Entries supplied:
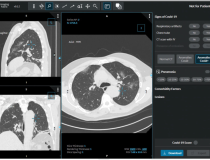 在STOIC的研究中，读者将CT检查分为COVID阳性、COVID阴性和正常。读者可以使用3d图像可视化web应用程序访问CT扫描结果，允许在冠状面、矢状面或轴向横断面上滚动整个肺容积。由于双侧磨玻璃影存在，且无粘液样嵌塞、细支气管结节、节段或大叶实变等特征，CT扫描被划分为COVID阳性。图像c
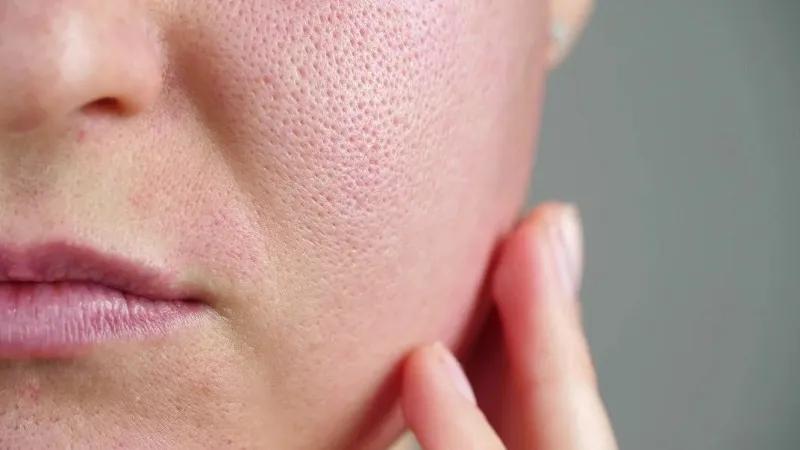 Sebum là gì? Tìm hiểu về No Sebum và Phức hợp Anti Sebum P' trong các sản phẩm làm đẹp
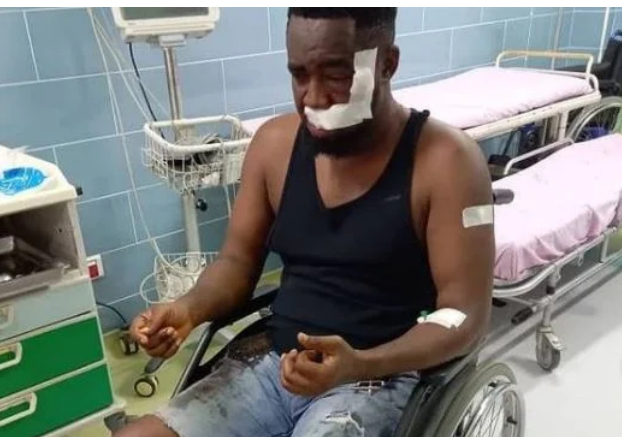 Mr Raw survives ghastly auto crash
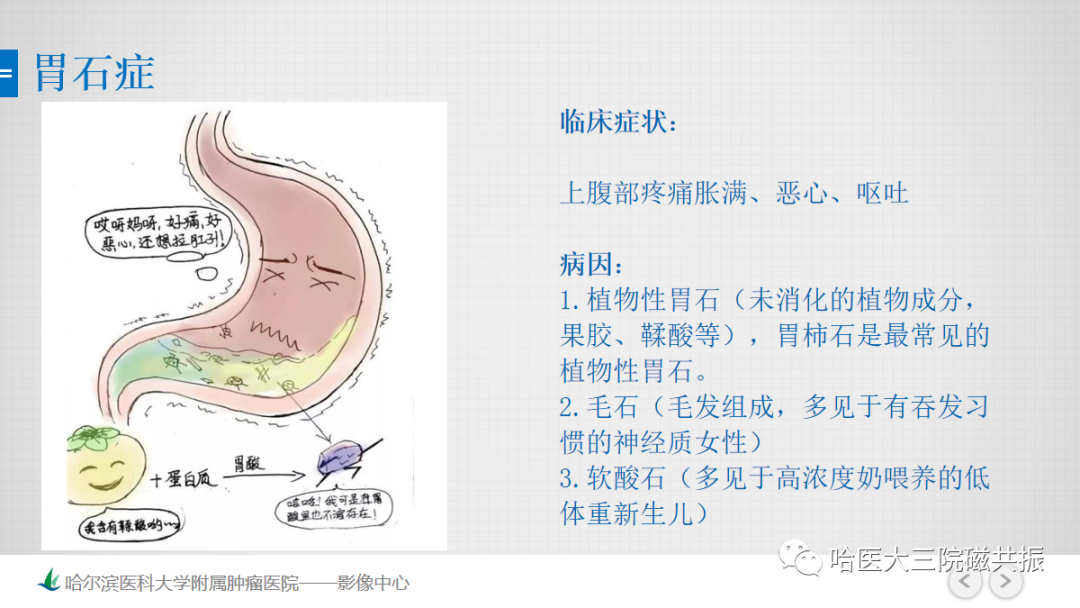 影像PPT - 【PPT】急腹症影像学诊断-83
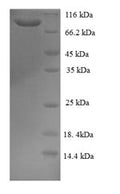 Recombinant Human GRIP and coiled-coil domain-containing protein 1 (GCC1), partial – Figure 1 of 1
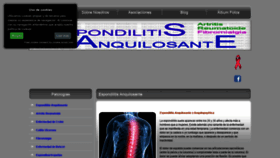 What Espondilitis.eu website looked like in 2019 (4 years ago)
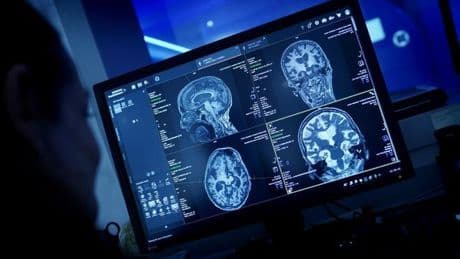 ¿Qué ocurre en tu cerebro cuando tu mente se queda en blanco?
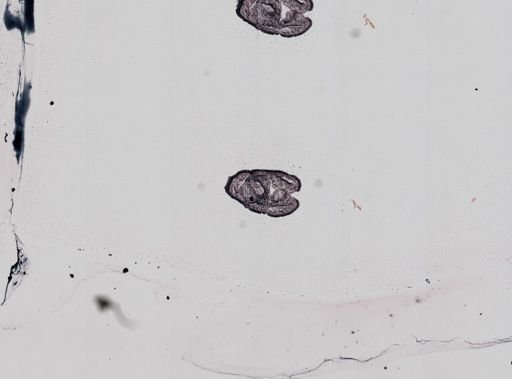 Plagiostomum whitmani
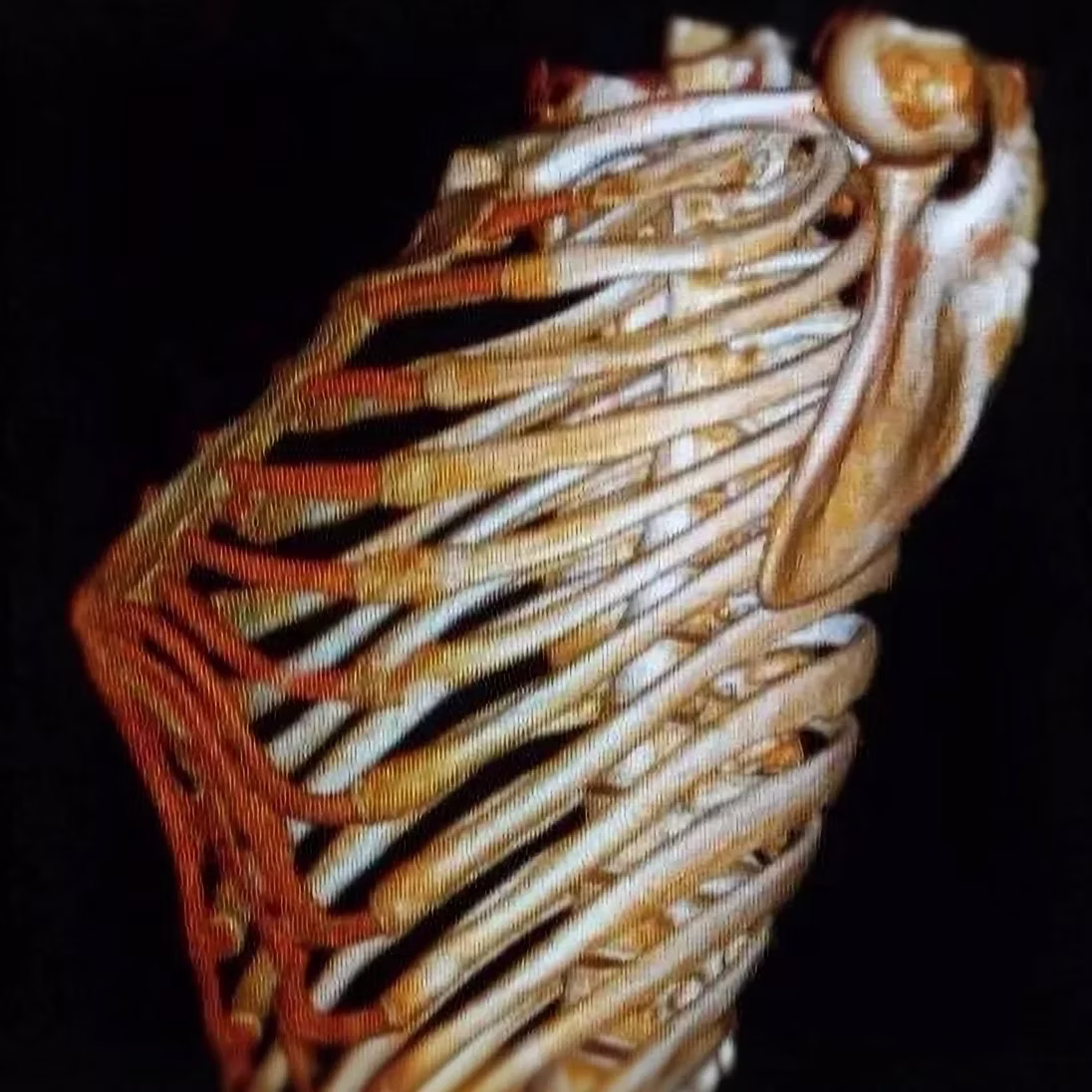 Pre-shaping: revolutionizing the treatment of severe and complex chest wall deformities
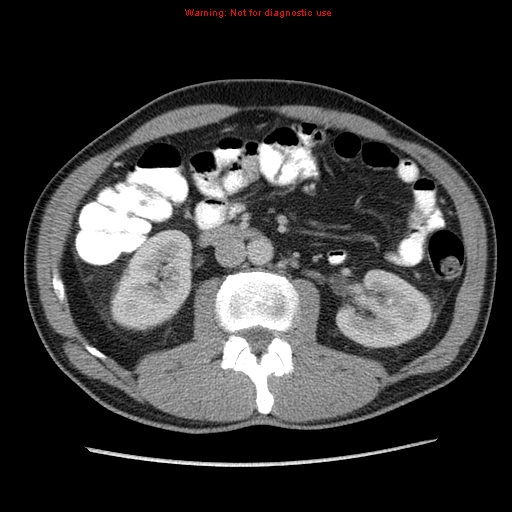 Appendicitis and renal cell carcinoma (Radiopaedia 17063-16760 A 26).jpg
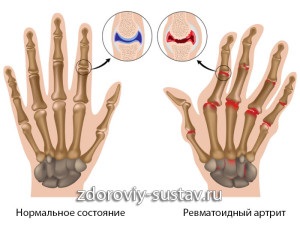 Primele simptome ale artritei reumatoide a degetelor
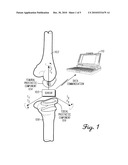 PULSED ECHO SENSING DEVICE AND METHOD FOR AN ORTHOPEDIC JOINT diagram and image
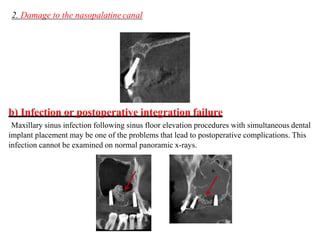 2. Damage to the nasopalatine canal
b) Infection or postoperative integration failure
Maxillary sinus infection following sinus floor elevation procedures with simultaneous dental
implant placement may be one of the problems that lead to postoperative complications. This
infection cannot be examined on normal panoramic x-rays.
 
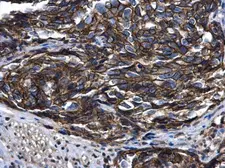 Anti-ARFIP2 antibody [N1C2] used in IHC (Paraffin sections) (IHC-P). GTX104241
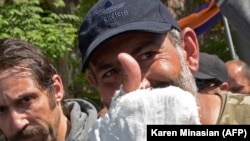 Нікол Пашинян з пораненою під час протестів рукою.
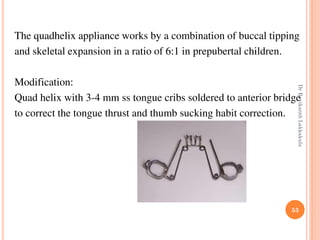 53
The quadhelix appliance works by a combination of buccal tipping
and skeletal expansion in a ratio of 6:1 in prepubertal children.
Modification:
Quad helix with 3-4 mm ss tongue cribs soldered to anterior bridge
to correct the tongue thrust and thumb sucking habit correction.
DrRavikanthLakkakula
 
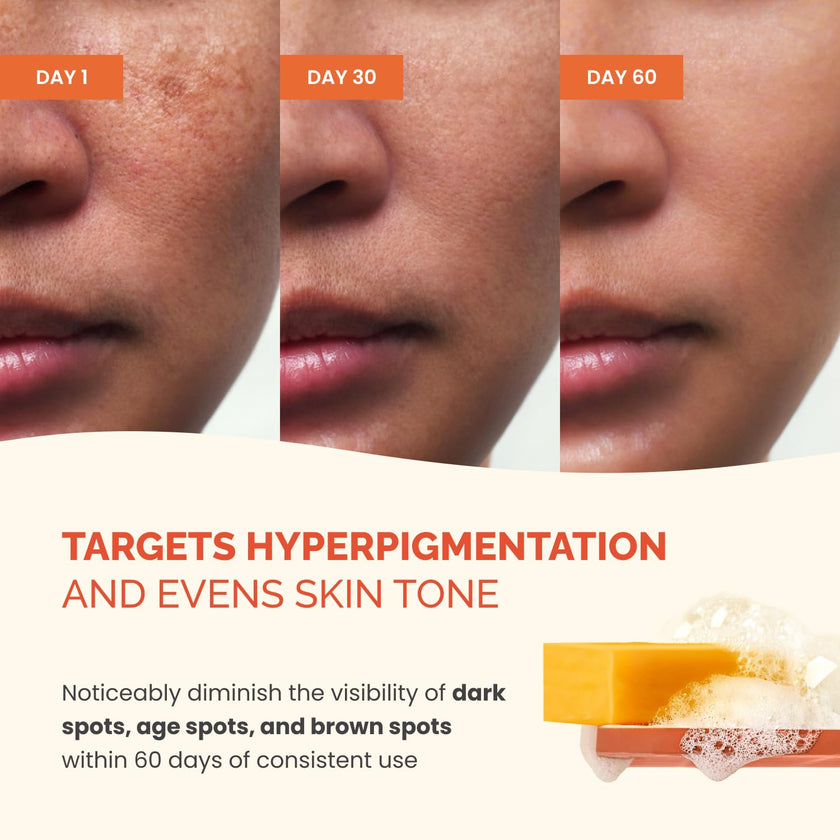 PLANTIFIQUE Turmeric & Kojic Acid Soap for Hyperpigmentation, Lab Tested - 4 Bars with Mesh Net - Face & Body Wash with Hyaluronic Acid, Collagen, Vitamin C - 320g / 11.28 oz 🍁 All In One Marketplace Canada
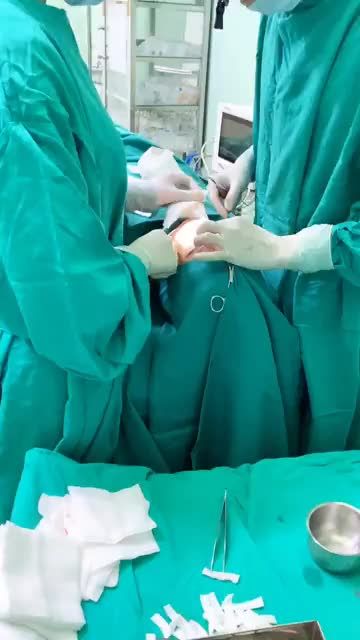 CẬN CẢNH DÁNG MŨI CẤU TRÚC S-LINE SAU NÂNG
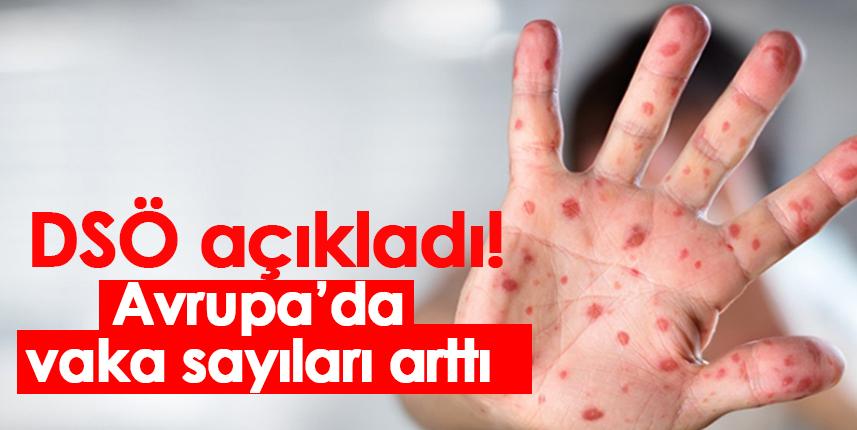 DSÖ açıkladı! Avrupa'da vaka sayıları arttı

What you need to do:
Give the listing again exactly, but omit each image.

Result of the task:
 在STOIC的研究中，读者将CT检查分为COVID阳性、COVID阴性和正常。读者可以使用3d图像可视化web应用程序访问CT扫描结果，允许在冠状面、矢状面或轴向横断面上滚动整个肺容积。由于双侧磨玻璃影存在，且无粘液样嵌塞、细支气管结节、节段或大叶实变等特征，CT扫描被划分为COVID阳性。图像c
 Sebum là gì? Tìm hiểu về No Sebum và Phức hợp Anti Sebum P' trong các sản phẩm làm đẹp
 Mr Raw survives ghastly auto crash
 影像PPT - 【PPT】急腹症影像学诊断-83
 Recombinant Human GRIP and coiled-coil domain-containing protein 1 (GCC1), partial – Figure 1 of 1
 What Espondilitis.eu website looked like in 2019 (4 years ago)
 ¿Qué ocurre en tu cerebro cuando tu mente se queda en blanco?
 Plagiostomum whitmani
 Pre-shaping: revolutionizing the treatment of severe and complex chest wall deformities
 Appendicitis and renal cell carcinoma (Radiopaedia 17063-16760 A 26).jpg
 Primele simptome ale artritei reumatoide a degetelor
 PULSED ECHO SENSING DEVICE AND METHOD FOR AN ORTHOPEDIC JOINT diagram and image
 2. Damage to the nasopalatine canal
b) Infection or postoperative integration failure
Maxillary sinus infection following sinus floor elevation procedures with simultaneous dental
implant placement may be one of the problems that lead to postoperative complications. This
infection cannot be examined on normal panoramic x-rays.
 
 Anti-ARFIP2 antibody [N1C2] used in IHC (Paraffin sections) (IHC-P). GTX104241
 Нікол Пашинян з пораненою під час протестів рукою.
 53
The quadhelix appliance works by a combination of buccal tipping
and skeletal expansion in a ratio of 6:1 in prepubertal children.
Modification:
Quad helix with 3-4 mm ss tongue cribs soldered to anterior bridge
to correct the tongue thrust and thumb sucking habit correction.
DrRavikanthLakkakula
 
 PLANTIFIQUE Turmeric & Kojic Acid Soap for Hyperpigmentation, Lab Tested - 4 Bars with Mesh Net - Face & Body Wash with Hyaluronic Acid, Collagen, Vitamin C - 320g / 11.28 oz 🍁 All In One Marketplace Canada
 CẬN CẢNH DÁNG MŨI CẤU TRÚC S-LINE SAU NÂNG
 DSÖ açıkladı! Avrupa'da vaka sayıları arttı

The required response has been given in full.